------ EXTRACTED ENTRIES

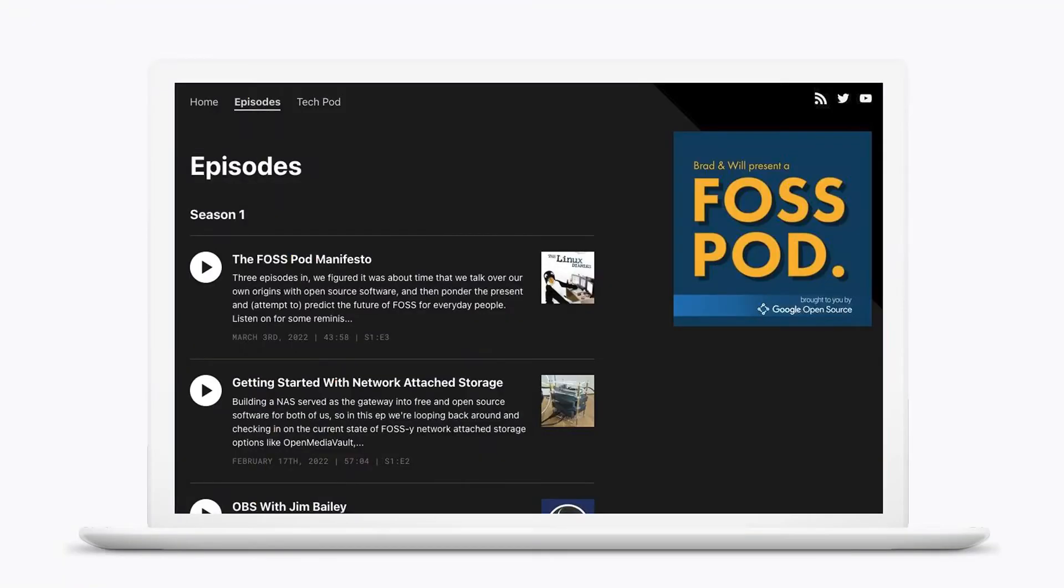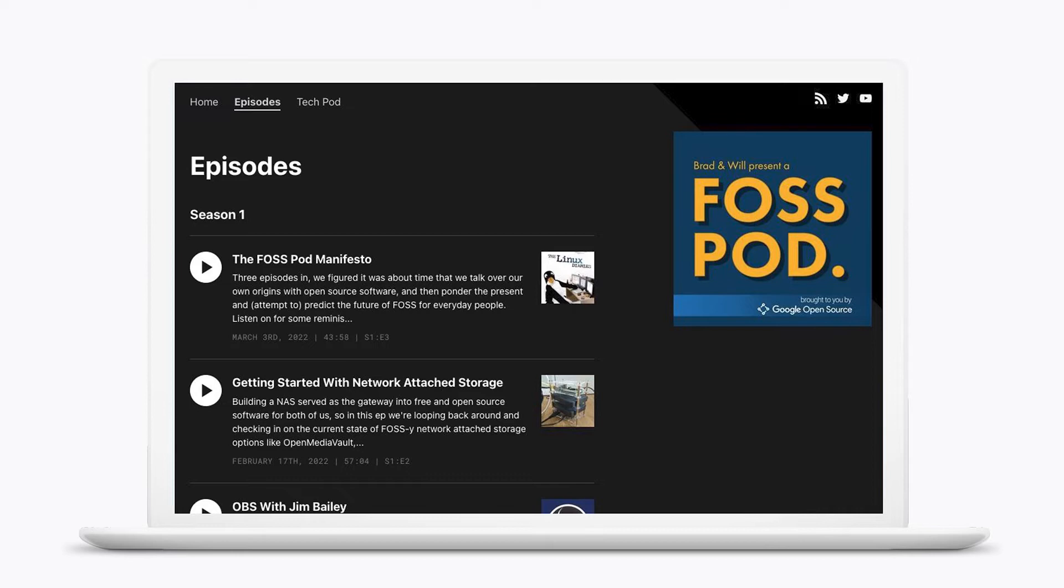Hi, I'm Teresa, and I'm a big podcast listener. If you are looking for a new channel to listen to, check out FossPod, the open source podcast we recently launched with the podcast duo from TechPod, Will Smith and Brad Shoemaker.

------------
------ EXTRACTED ENTRIES

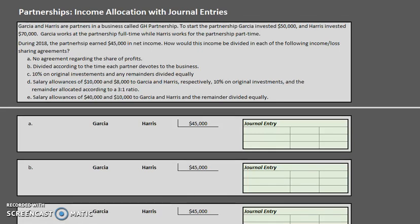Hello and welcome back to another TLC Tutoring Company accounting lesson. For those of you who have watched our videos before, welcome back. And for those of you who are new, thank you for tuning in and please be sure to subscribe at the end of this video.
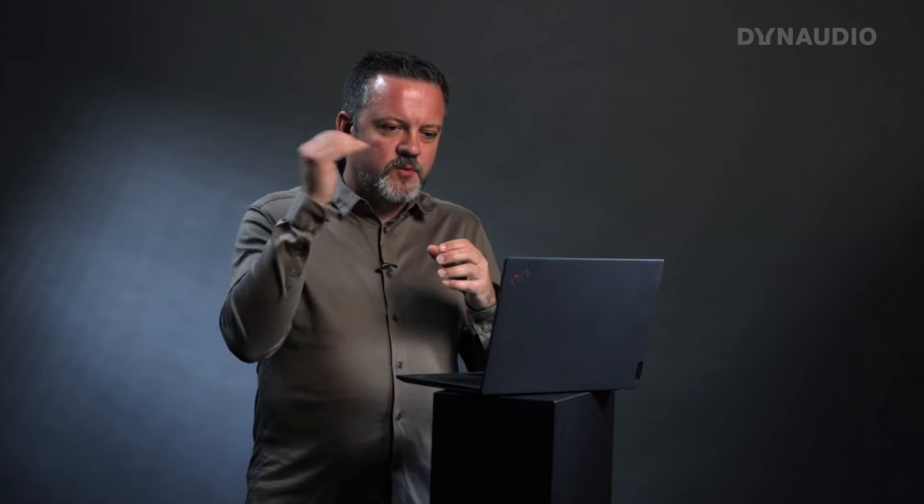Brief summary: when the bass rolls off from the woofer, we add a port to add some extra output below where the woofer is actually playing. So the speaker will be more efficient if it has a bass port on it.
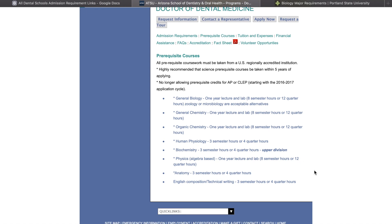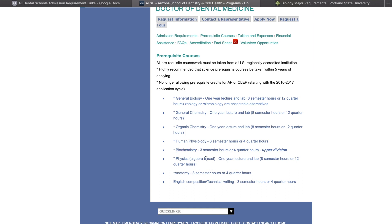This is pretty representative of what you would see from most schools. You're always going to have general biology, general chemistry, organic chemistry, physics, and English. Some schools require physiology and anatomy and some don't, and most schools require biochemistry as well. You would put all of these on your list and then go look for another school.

------------
------ EXTRACTED ENTRIES

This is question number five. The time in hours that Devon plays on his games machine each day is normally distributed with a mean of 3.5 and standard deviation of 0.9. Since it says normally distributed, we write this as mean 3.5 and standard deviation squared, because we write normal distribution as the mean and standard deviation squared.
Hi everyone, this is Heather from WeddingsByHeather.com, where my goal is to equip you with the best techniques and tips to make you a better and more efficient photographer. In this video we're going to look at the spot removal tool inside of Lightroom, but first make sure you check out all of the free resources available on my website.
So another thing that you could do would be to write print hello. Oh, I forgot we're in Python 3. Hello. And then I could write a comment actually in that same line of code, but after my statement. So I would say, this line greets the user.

------------

WORK INSTRUCTION:
In the records above, everything from the line with "Hello and welcome" down to the line with "This is pretty" must be duplicated exactly, both lines kept. Leave no pictures in.

SOLUTION TO THIS TASK:
Hello and welcome back to another TLC Tutoring Company accounting lesson. For those of you who have watched our videos before, welcome back. And for those of you who are new, thank you for tuning in and please be sure to subscribe at the end of this video.
Brief summary: when the bass rolls off from the woofer, we add a port to add some extra output below where the woofer is actually playing. So the speaker will be more efficient if it has a bass port on it.
This is pretty representative of what you would see from most schools. You're always going to have general biology, general chemistry, organic chemistry, physics, and English. Some schools require physiology and anatomy and some don't, and most schools require biochemistry as well. You would put all of these on your list and then go look for another school.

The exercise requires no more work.